REQUIRED WORK ->
Copy each entry precisely as written, and do not carry over the pictures.

Segment Start: DATA TO PROCESS

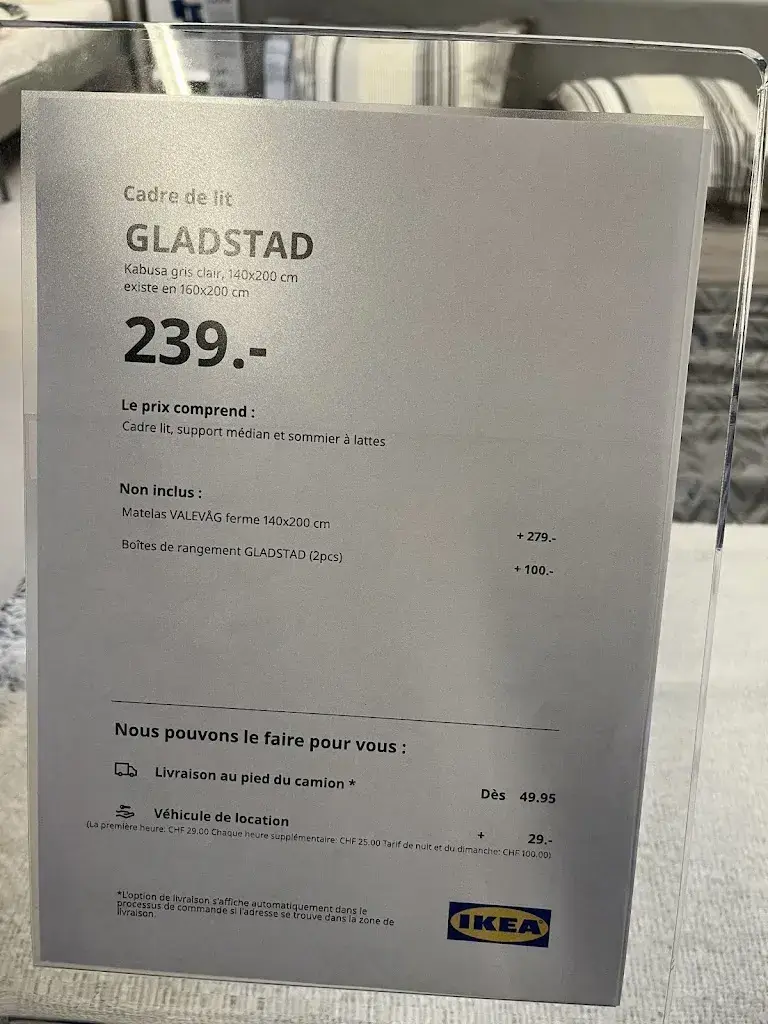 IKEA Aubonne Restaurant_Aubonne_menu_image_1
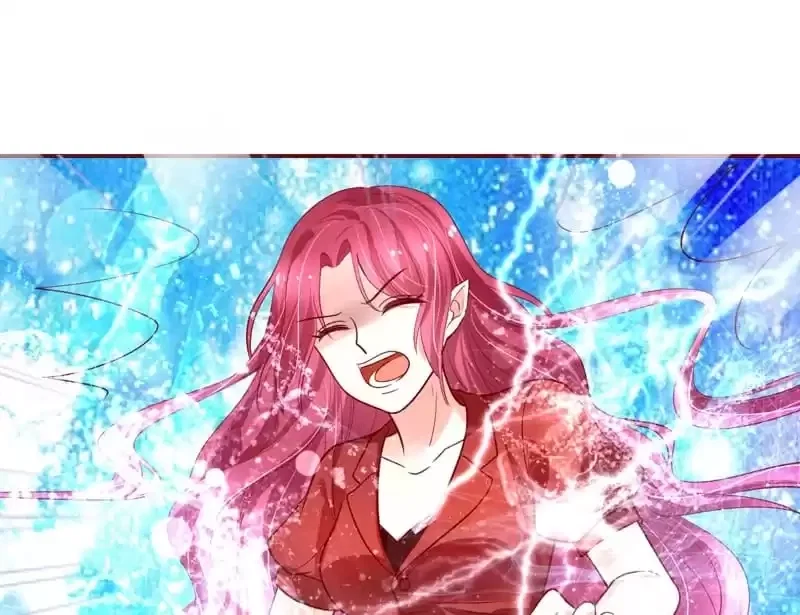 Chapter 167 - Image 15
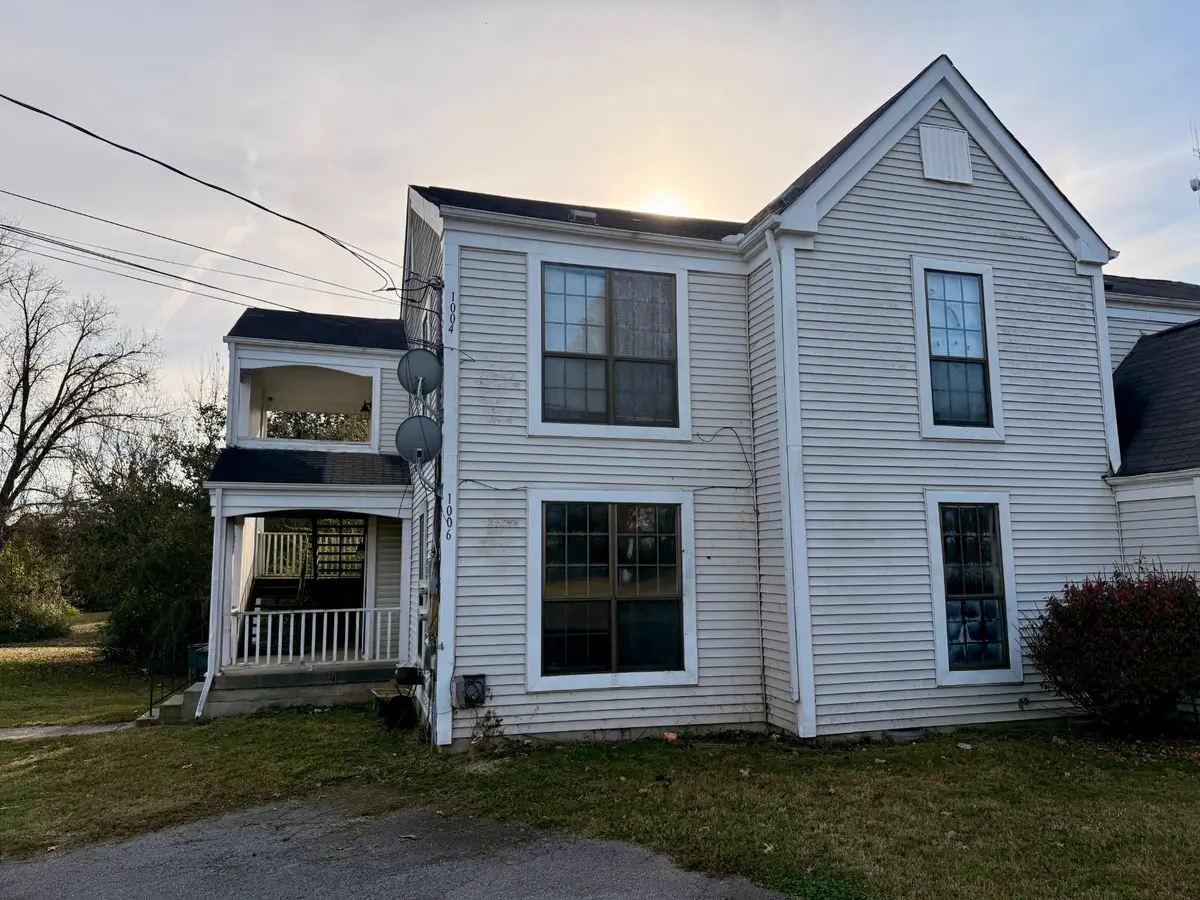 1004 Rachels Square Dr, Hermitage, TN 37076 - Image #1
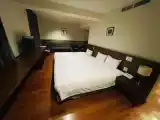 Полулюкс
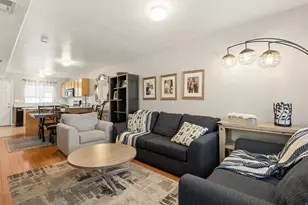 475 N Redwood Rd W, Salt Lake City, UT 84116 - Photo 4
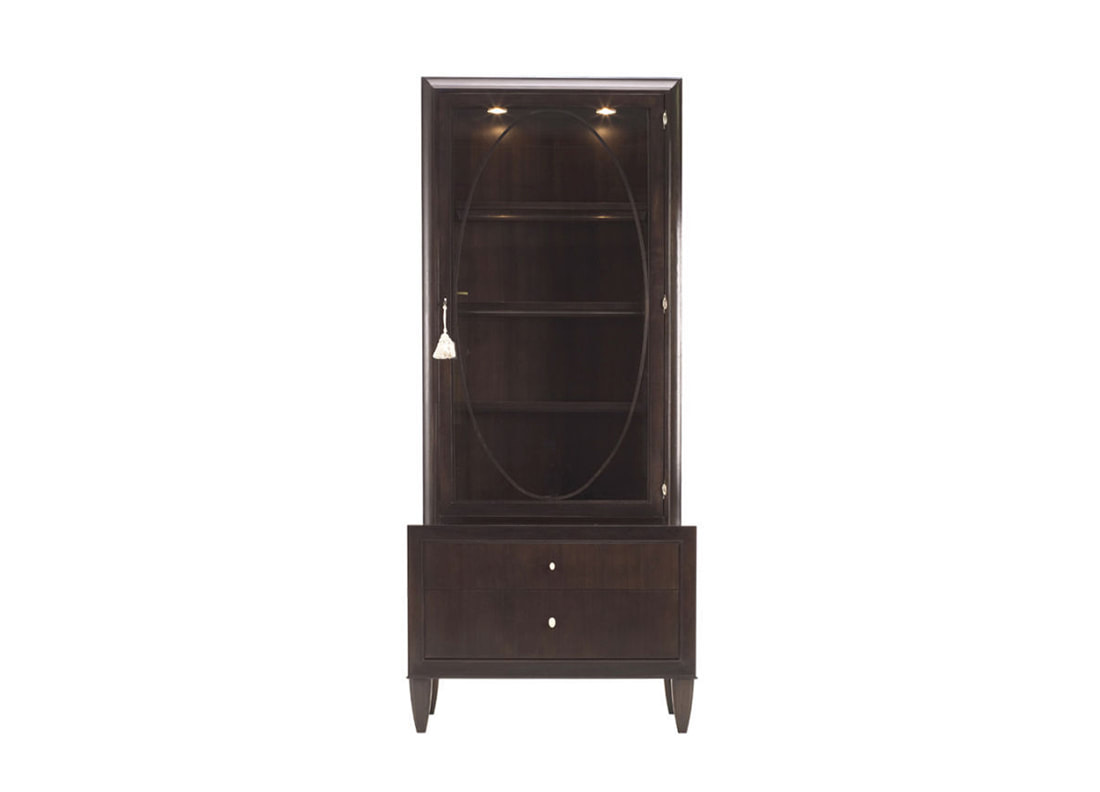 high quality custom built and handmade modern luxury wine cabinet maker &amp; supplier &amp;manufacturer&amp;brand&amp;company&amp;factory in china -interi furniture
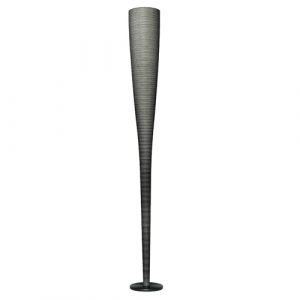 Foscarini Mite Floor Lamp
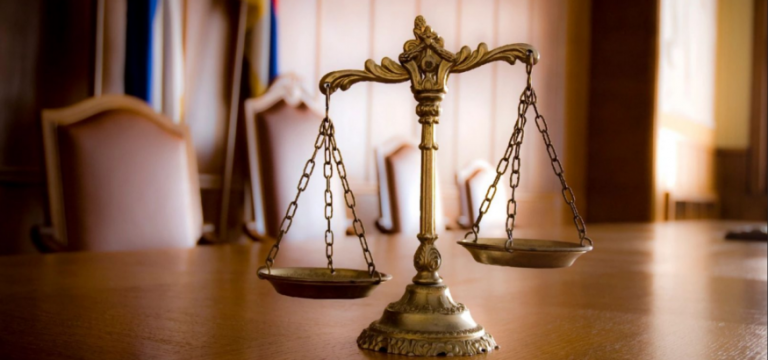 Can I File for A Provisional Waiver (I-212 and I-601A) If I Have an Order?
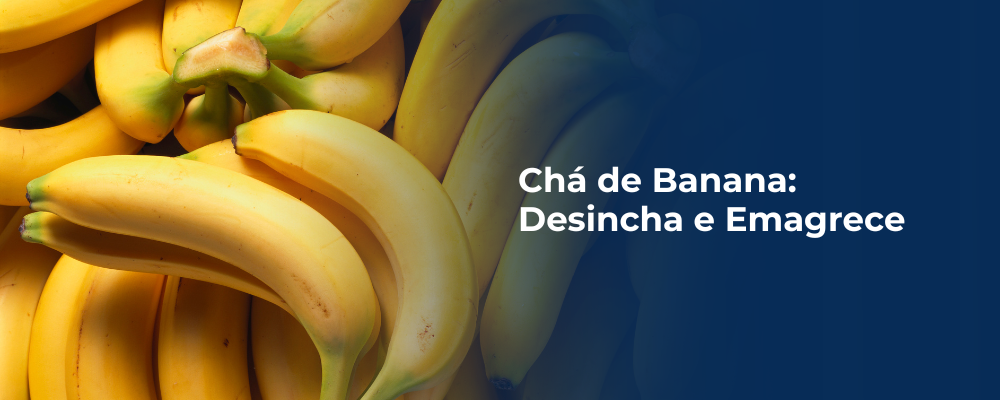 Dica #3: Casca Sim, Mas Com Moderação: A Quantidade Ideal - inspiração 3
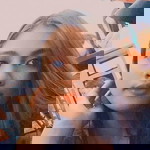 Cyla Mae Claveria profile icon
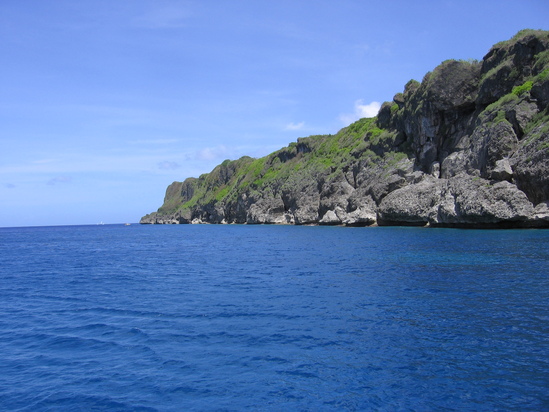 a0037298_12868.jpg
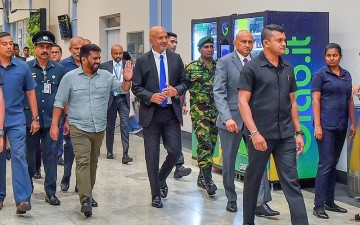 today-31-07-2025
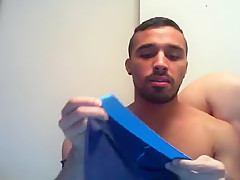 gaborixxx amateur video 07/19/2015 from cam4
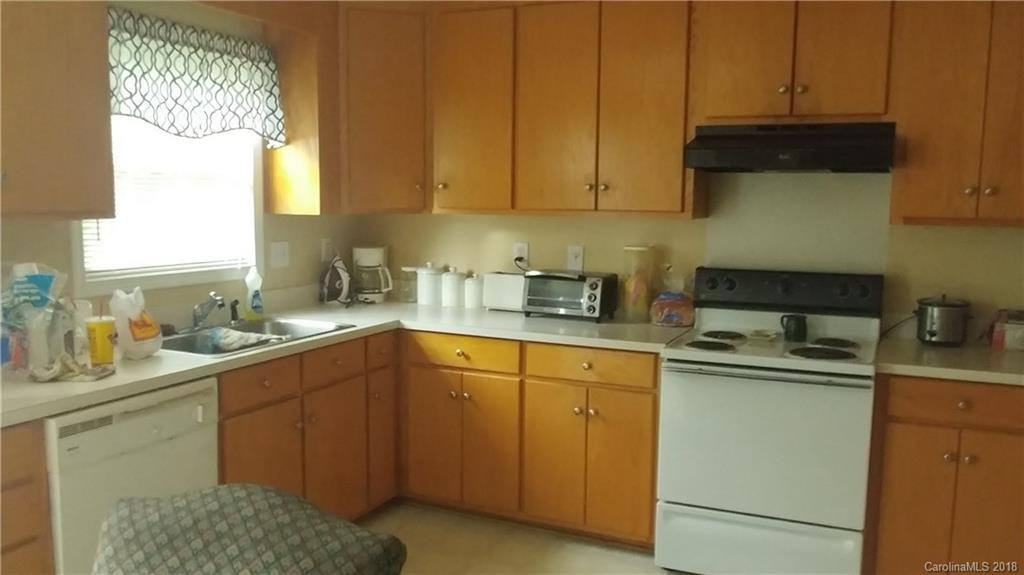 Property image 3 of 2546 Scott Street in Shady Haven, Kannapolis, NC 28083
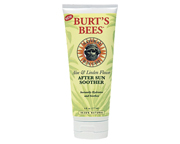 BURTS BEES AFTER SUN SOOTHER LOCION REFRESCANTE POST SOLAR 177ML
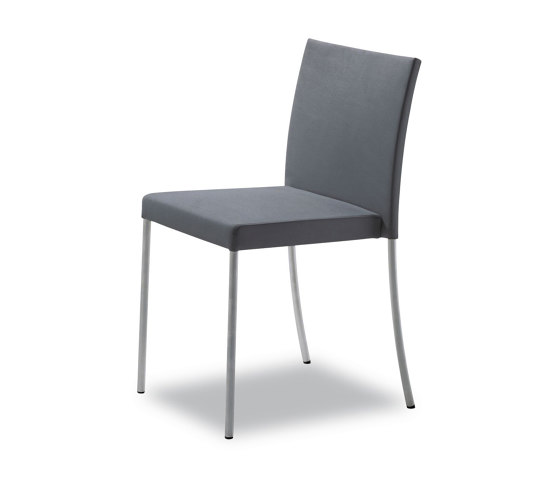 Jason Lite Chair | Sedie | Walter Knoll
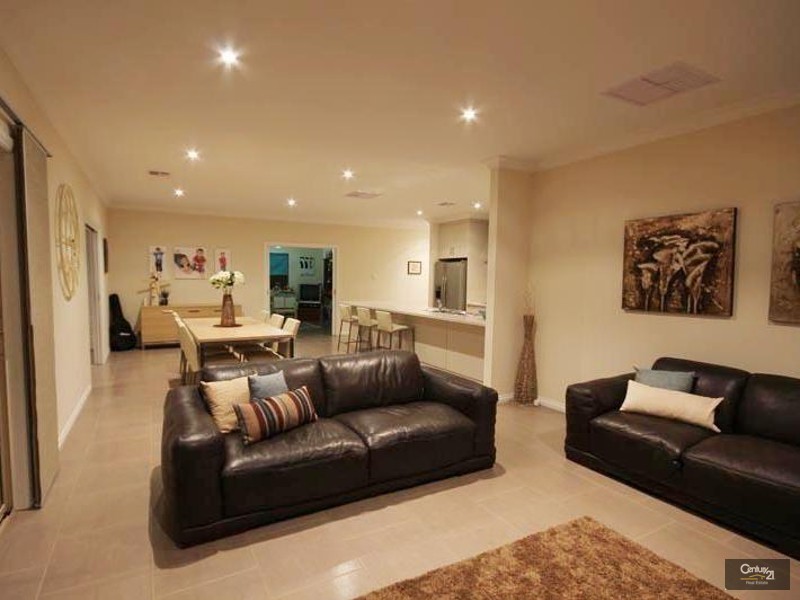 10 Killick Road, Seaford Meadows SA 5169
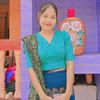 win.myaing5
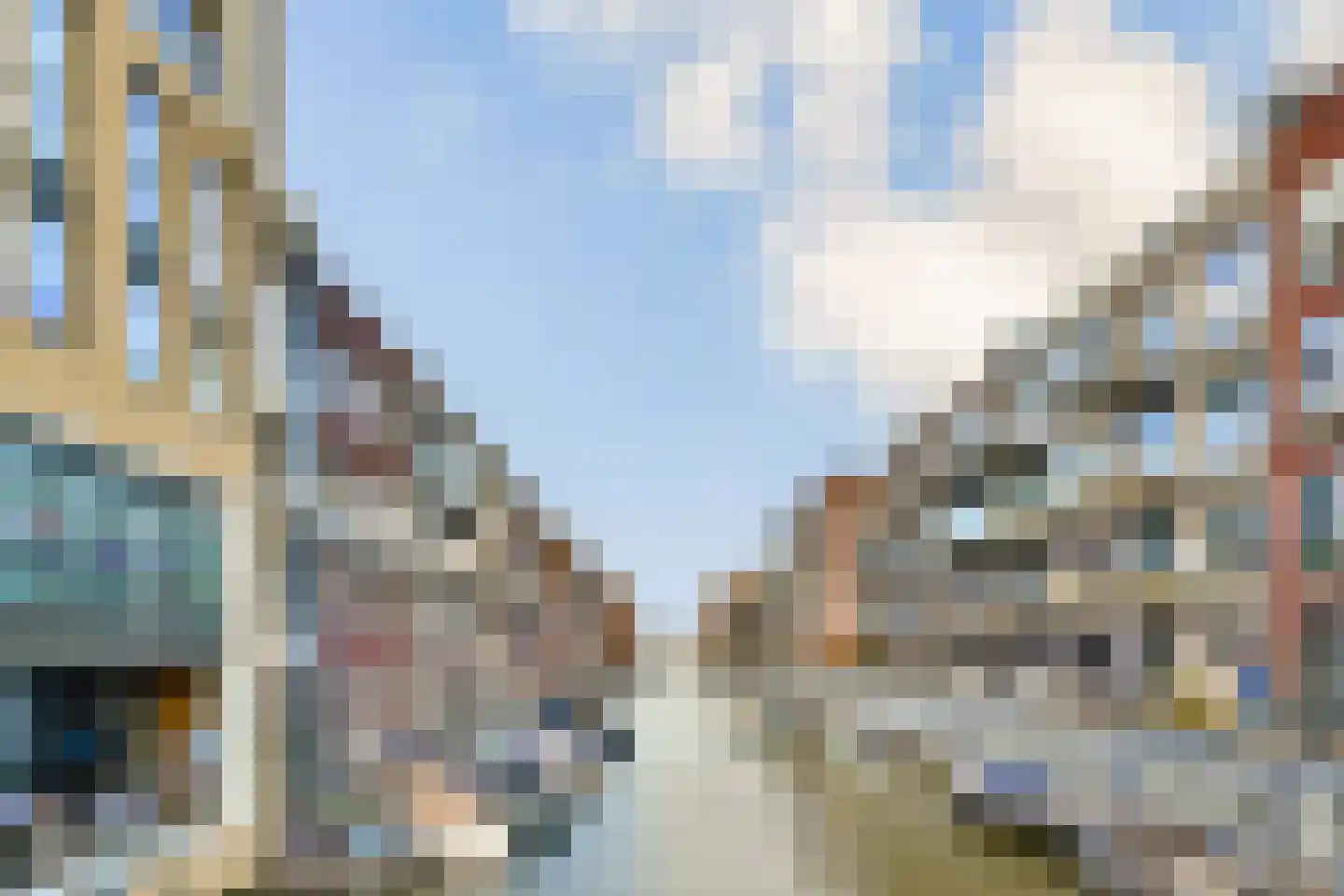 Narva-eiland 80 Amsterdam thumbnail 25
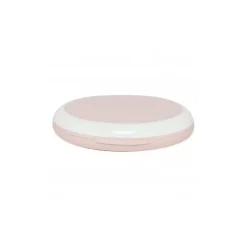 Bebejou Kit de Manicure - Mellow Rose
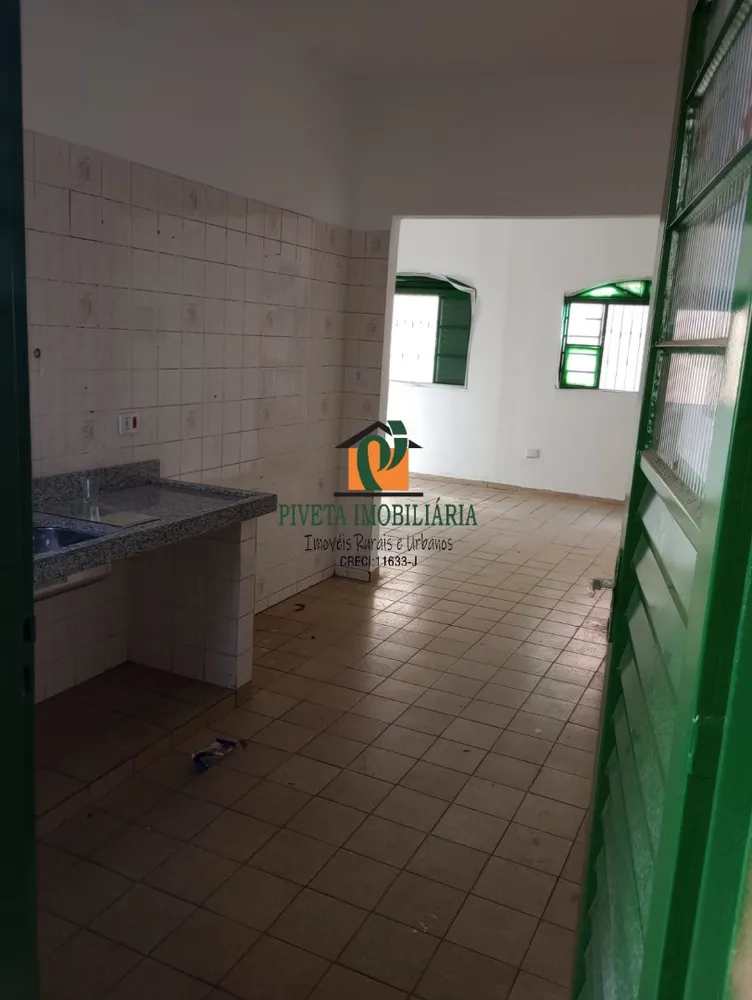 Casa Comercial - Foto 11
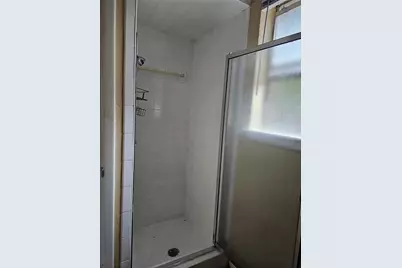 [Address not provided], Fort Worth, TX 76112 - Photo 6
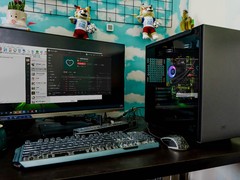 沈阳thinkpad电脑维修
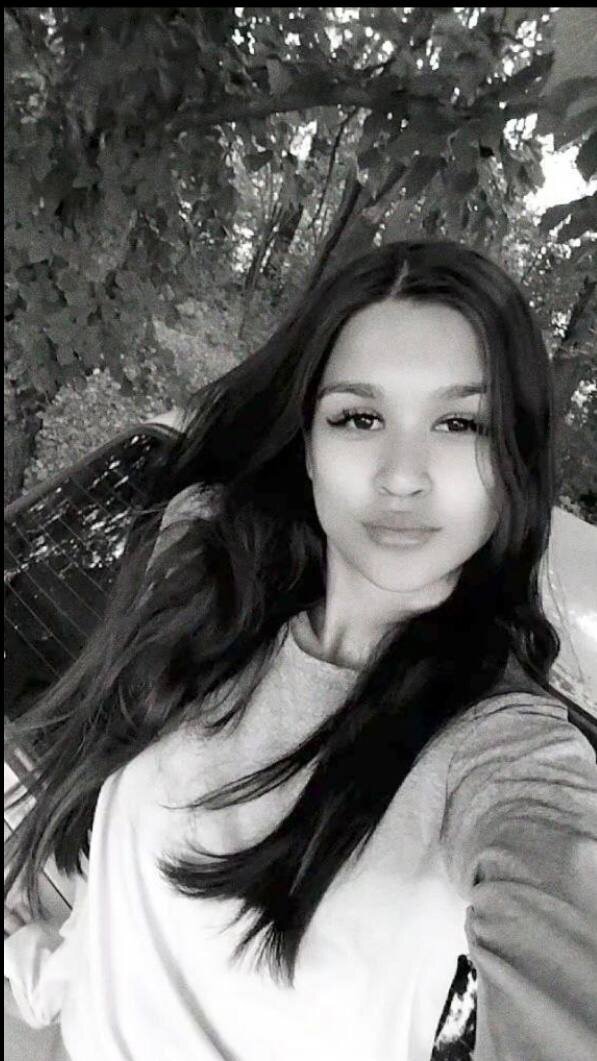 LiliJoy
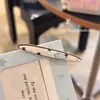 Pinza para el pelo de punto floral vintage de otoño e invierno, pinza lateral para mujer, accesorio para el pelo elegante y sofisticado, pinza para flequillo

Segment End: DATA TO PROCESS

SOLUTION TO THIS TASK ->
 IKEA Aubonne Restaurant_Aubonne_menu_image_1
 Chapter 167 - Image 15
 1004 Rachels Square Dr, Hermitage, TN 37076 - Image #1
 Полулюкс
 475 N Redwood Rd W, Salt Lake City, UT 84116 - Photo 4
 high quality custom built and handmade modern luxury wine cabinet maker &amp; supplier &amp;manufacturer&amp;brand&amp;company&amp;factory in china -interi furniture
 Foscarini Mite Floor Lamp
 Can I File for A Provisional Waiver (I-212 and I-601A) If I Have an Order?
 Dica #3: Casca Sim, Mas Com Moderação: A Quantidade Ideal - inspiração 3
 Cyla Mae Claveria profile icon
 a0037298_12868.jpg
 today-31-07-2025
 gaborixxx amateur video 07/19/2015 from cam4
 Property image 3 of 2546 Scott Street in Shady Haven, Kannapolis, NC 28083
 BURTS BEES AFTER SUN SOOTHER LOCION REFRESCANTE POST SOLAR 177ML
 Jason Lite Chair | Sedie | Walter Knoll
 10 Killick Road, Seaford Meadows SA 5169
 win.myaing5
 Narva-eiland 80 Amsterdam thumbnail 25
 Bebejou Kit de Manicure - Mellow Rose
 Casa Comercial - Foto 11
 [Address not provided], Fort Worth, TX 76112 - Photo 6
 沈阳thinkpad电脑维修
 LiliJoy
 Pinza para el pelo de punto floral vintage de otoño e invierno, pinza lateral para mujer, accesorio para el pelo elegante y sofisticado, pinza para flequillo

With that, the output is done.